The predictions may have been off base, but the scouting isn't. For any of the Big Ten or big team players I knew, the 4th and Goal crew was thorough and accurate about their skills and weaknesses. They know what type of value Williams has, they did a good job looking at Maryland defensive end Shawne Merriman (go Chargers), and they properly point out that Utah QB Alex Smith didn't run anything similar to a pro offense in college (but he won't be doing that in San Francisco for a few years either … Smith is gonna get smashed around come fall). The only complaint I had was that Clarett wasn't featured, and easily fit in the "Promising, But …" category. Chances are this was made around the time of his disastrous NFL combine showing, because Denver took him in the third round, and he was easily the most interesting story of the draft, what with losing his court challenge against the NFL draft age policy.

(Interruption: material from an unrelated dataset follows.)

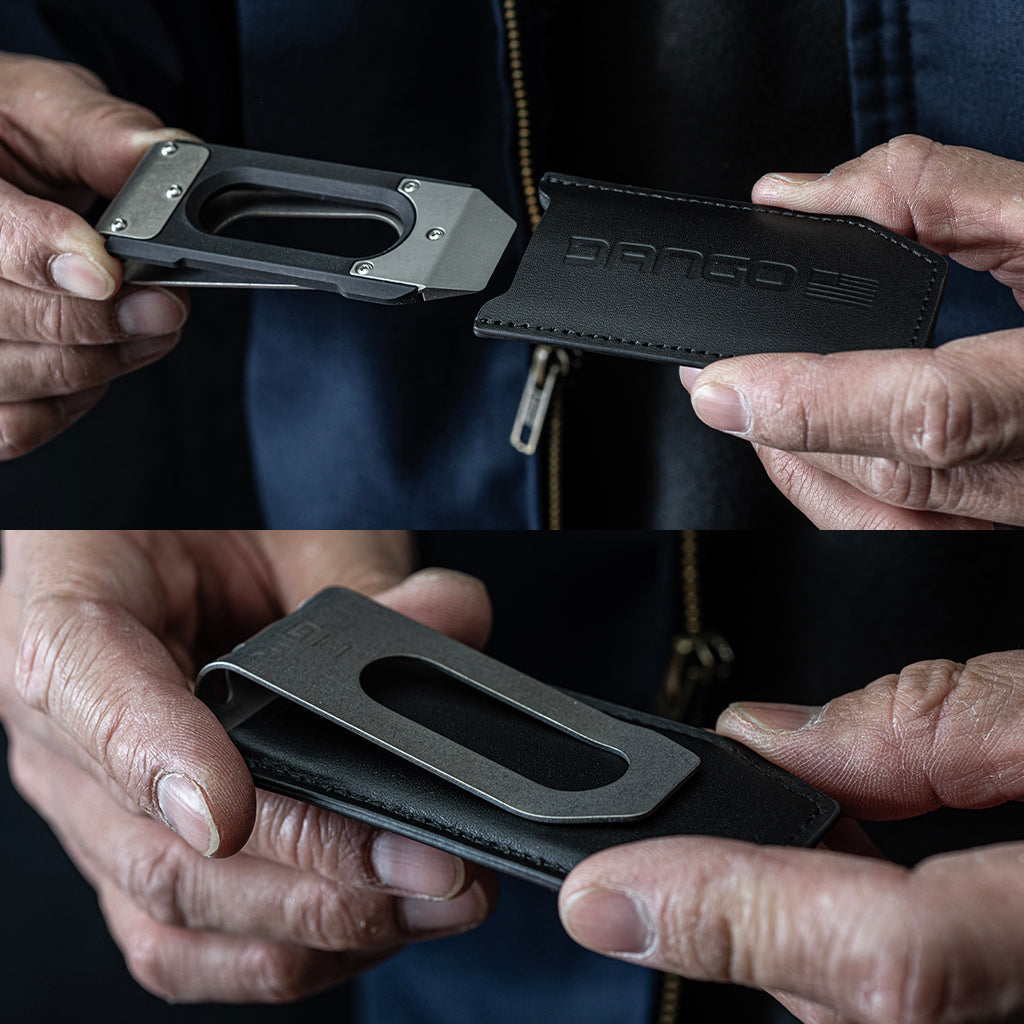 MC02 TITANIUM MONEY CLIP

The DVD is well-edited, with limited replays (only when it needs the emphasis) and nice timing with narration and actual plays. The producers use arrows to point out a player in a scrum and zoom in on some plays. Without doing too much, the producers managed to offer video evidence of their scouting. The last bit on this DVD is a look at this past year's Senior Bowl.
This DVD is a good scouting presentation for the 2005 draft and the latest crop of NFL players, but now that the draft is over, it's worth only one look, unless you're a player featured on the DVD, an NFL opponent scout, or a really obsessed football fan. It may have been worth $30 before the draft. Now it's a $5 bargain-bin offering.
The fullscreen transfer looks fine, though the original video footage is a mixed bag. There's not much the DVD producers could do to eliminate poor crops or shadows. I noticed no digital problems, however.
Other than some background music (and it's no NFL Films track) and the narrator Steve Alic, there is no audio on this DVD. The sound from the actual games is not included. Alic does a decent job narrating, sounding matter-of-fact without being too opinionated.
There are no special features on this DVD.
For NFL draft and NCAA football hardcore fans only. The draft is ancient history now, and there's simply no replay value to this DVD. Rent it if you want to see some of the future stars of the NFL or buy it if you must own every NCAAF-related DVD out there.